Tim Kilham looks at the business plan.  

First up you will have to prepare a business plan if you are thinking of buying a franchise and need to borrow money from a bank to assist you with the purchase. Any bank, quite rightly, will insist on the preparation of a business plan. You should want to prepare a business plan when you are buying a franchise business, even if you are not borrowing money and do not have to prepare a plan. If you were going on a long road journey to an unfamiliar destination, you would always get out a road map and plan the journey and use the map to work out how you are going to get to your destination. 

This analogy can be applied to a business -it's a long journey along unfamiliar roads to a destination - with the ultimate destination being financial success. A business plan is your road map.  

It is the quality of the business plan that counts, not the number of pages. It should be succinct, but it should address the important issues in making your journey. If you are not sure where to start with your business plan you can turn to a number of sources for an outline of the basic information required. One source is your bank. Another is your accountant: an accountant experienced in franchising will be able to help you prepare your business plan or review the plan you have prepared and suggest improvements.

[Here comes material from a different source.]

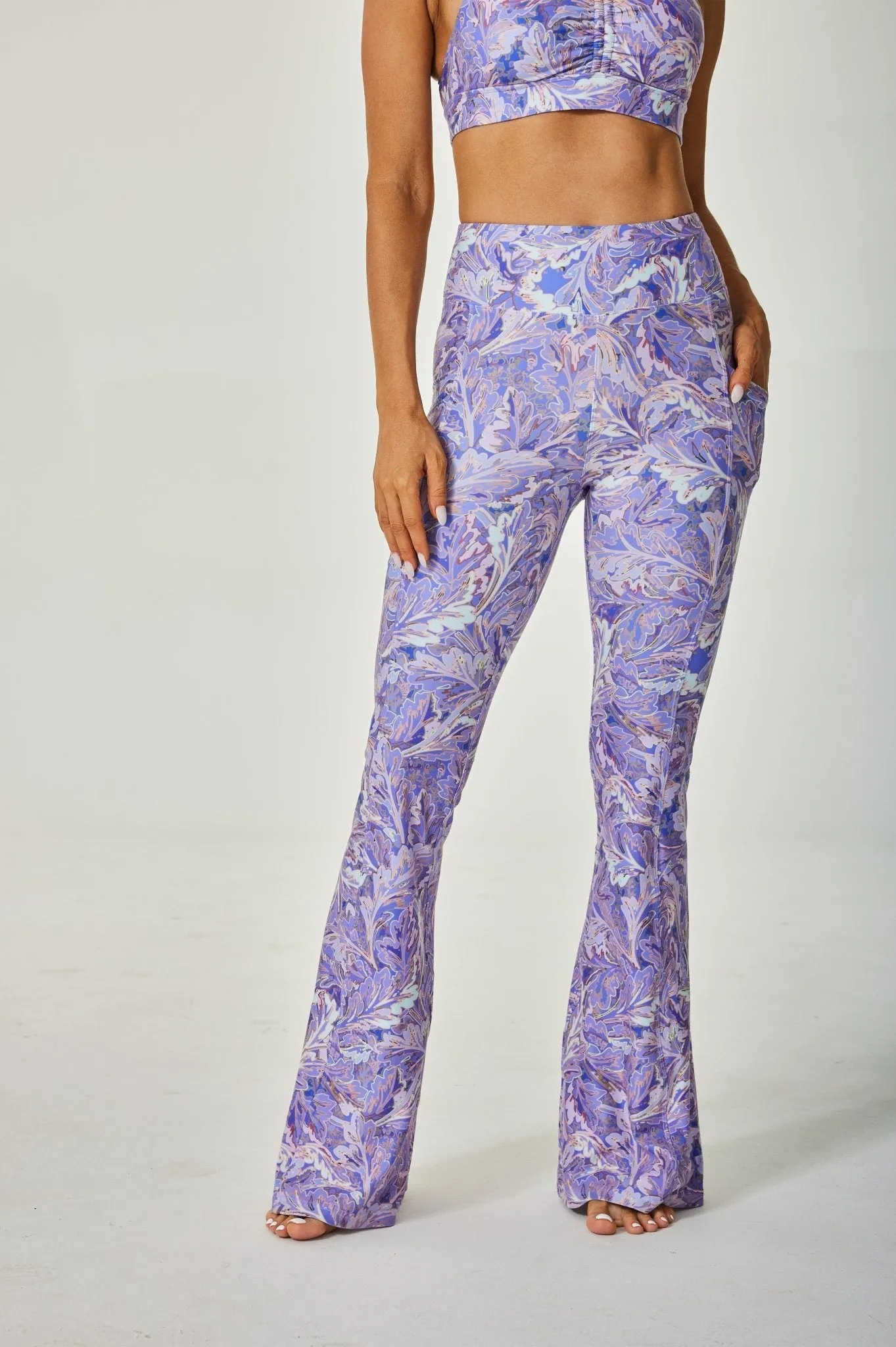 Womens Flare Workout Pants with Pockets – High Waist Bootcut Leggings in Purple Marble Print for Yoga, Fitness & Casual Wear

A search of the internet will reveal a wealth of information about business plans Turn to the franchisor of the system you intend buying into. Most franchisors will not get involved with the actual preparation of the plan, but they may well have a template for you to use.

When you are preparing your franchise business plan, there will typically be some main areas that the business plan should cover.

Ensure you include information about yourself, the intended owner - your personal and work history; the business structure -whether you intend to trade as a company, trust, partnership, etc and who will be the owners of the structure; staffing - the staff you will need to run the franchise and how much they will cost, including on-costs such as superannuation; marketing - how you are going to sell your product or service, what your target market is, what advertising needs to be done, what local area marketing; capital requirements - how much money you need and what type of borrowings you need; and financial projections - profit and loss and cash flow projections for at least 12 months and preferably two or three years.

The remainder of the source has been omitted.